Samuel Boova, Beckman Coulter’s director of alliance development, high burden HIV markets, said: “The award is to give a platform to the work and stories of those we see as the unsung heroes of individual communities. These are people who have shown individual dedication, commitment, and courage or who have made a difference in the battle against HIV/AIDS. 

“However, it is not just the final winner we want to publically recognize. We hope the award will encourage communities to learn about and honour the work of every nominee, so that more people will come forward to help and support those living with HIV/AIDS.” 

Nominations must first be made via the CARES website. Once a name has been nominated, the local community will be given the opportunity to vote in support.
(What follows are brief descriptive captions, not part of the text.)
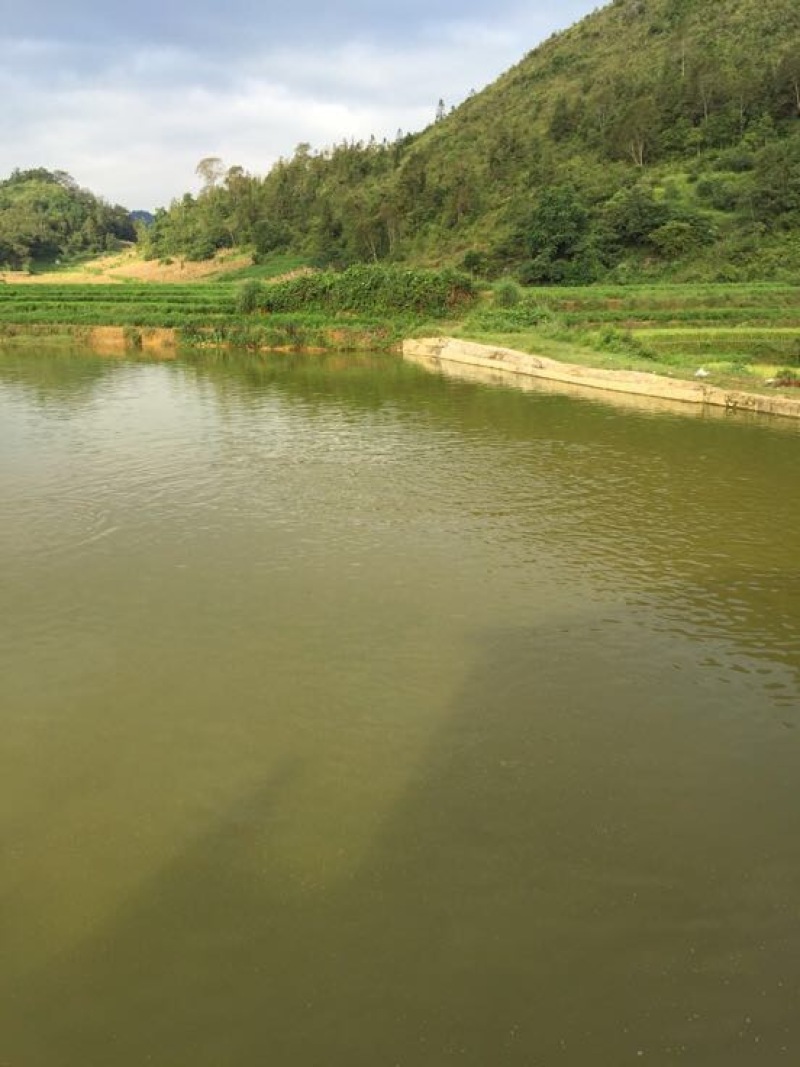 池鲤鱼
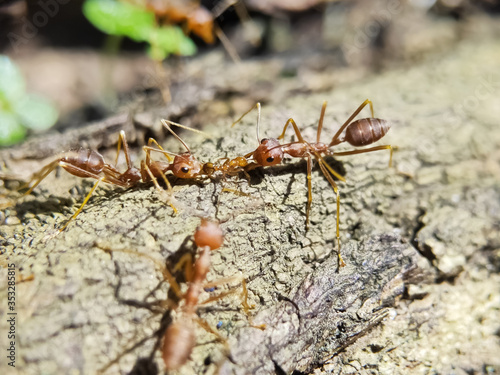 Blurry Ants on The Wood seen close up. fit for animal background. Blurry Background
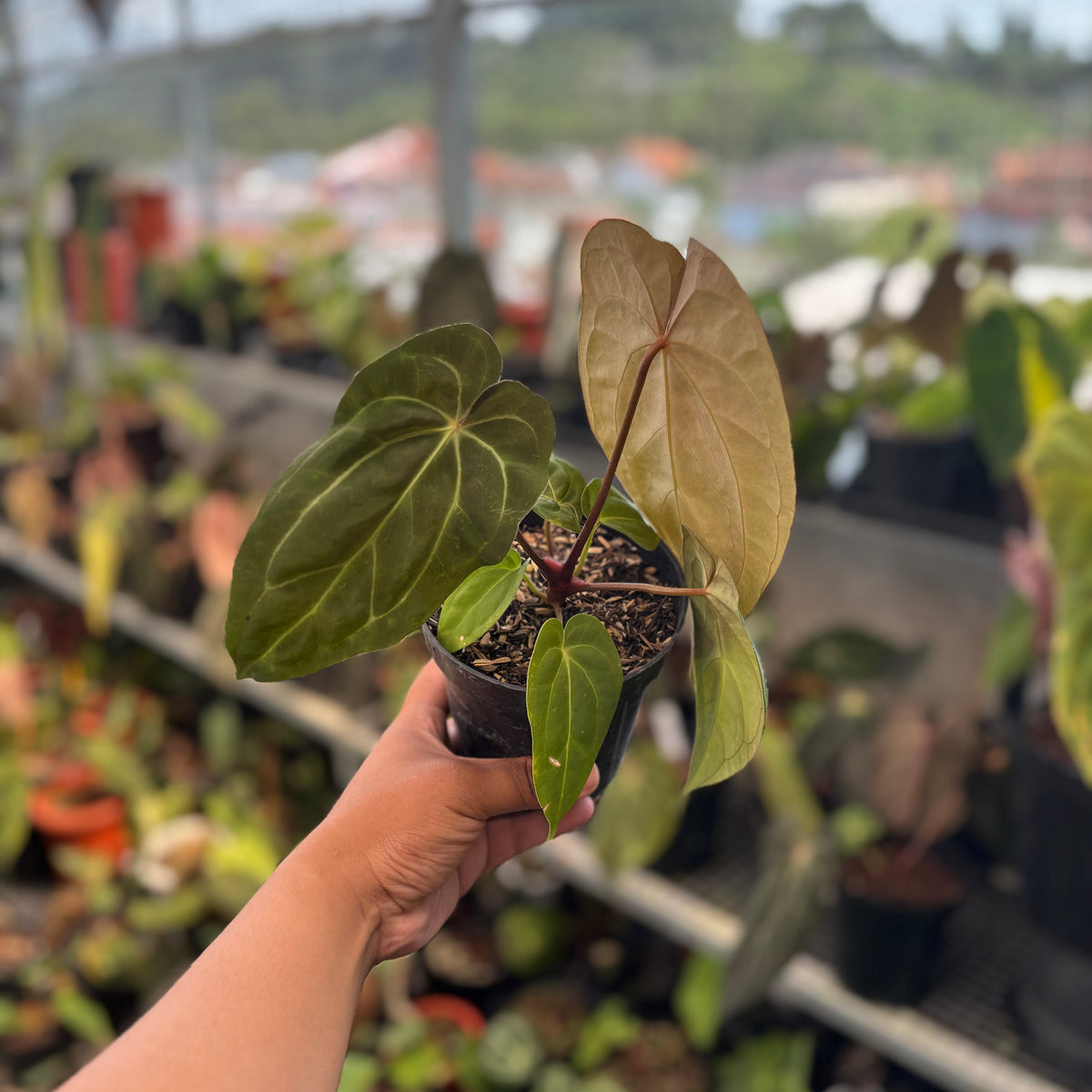 Anthurium Papillilaminum Legend — Aroidasia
People with the greatest number of votes will be put forward for the final assessment panel.  Rules of entry and full details are available in full from http://www.beckman.com/cares.

Mr Boova gave the following examples of ordinary people who support their local communities in the field of HIV/AIDS. “We are looking for dedicated and committed individuals like these who work in the community helping others to live with, and manage, the disease,” he added. 

Potential Nominees

The first example is how a young HIV positive woman in Uganda was inspired and empowered by a community charity, PINA (People In Need Agency), to rebuild her life and become an advocate herself for young people living with HIV. This was the objective of PINA when it was first set up by a local case worker—to work with young people, helping them overcome the stigma of living with HIV and rebuild their self-esteem. 

Mr Boova also pointed out that there are many women in rural Africa who walk miles every day to see patients to ensure they are compliant with their medications. Medication alone does not help without the commitment of these women—and they have to walk many miles between patients each day and every day, whatever the conditions. 

International Judging Panel

Prof Lesley Scott, PhD: an applied scientist in laboratory medicine in the department of Molecular Medicine and Haematology at the University of the Witwatersrand, Johannesburg, South Africa. Head of research and development for the National Priority Program of the National Health Laboratory Service and laboratory director for the AIDS Clinical Trails Group. 

Francesca Celletti: a global health expert, with a focus on innovations and health systems, global health initiatives and HIV/AIDS. She is the vice president, innovation and new technology, for the Elizabeth Glaser Pediatric AIDS Foundation (EGPAF) and was previously one of the coordinators of the Health Systems cluster in the World Health Organization. 

Maurine Murtagh: the CEO of the International Diagnostics Centre at the School of Hygiene & Tropical Medicine, London, UK. She is also a consultant specializing in diagnostics for global health working with the World Health Organization, the Bill & Melinda Gates Foundation, and UNITAID, among others. Previously, director of diagnostic services at the Clinton Health Access Initiative (CHAI). 

Ana Teasdale: the senior adviser for strategic initiatives for the Pangaea Global Aids Foundation where she advises the CEO and leadership team on new and current programs and strategies, particularly in integrating HIV and broader women’s health priorities, and liaison with the international community. She was previously at Susan G. Komen (Komen), Catholic Relief Services (CRS), and at the National Democratic Institute for International Affairs (NDI 

Dr Francois Venter: Dr Venter is the deputy executive director of the Wits Reproductive Health and HIV Institute at the University of the Witwatersrand, Johannesburg. He leads multiple antiretroviral treatment optimisation studies, and has an active interest in public sector access to HIV services. He previously led large HIV programmes in South Africa  funded by the U.S. President's Emergency Plan for AIDS Relief (PEPFAR) which focused on truckers and sex workers.

*CD4 T lymphocytes (CD4 cells) are a type of white blood cell in human blood. They play a major role in protecting the body from infection.  Once a person is infected with HIV, the virus begins to attack and destroy the CD4 cells of the person’s immune system.  Measuring their levels in human blood is a means of monitoring how well the immune system is working and predicts the progression of HIV.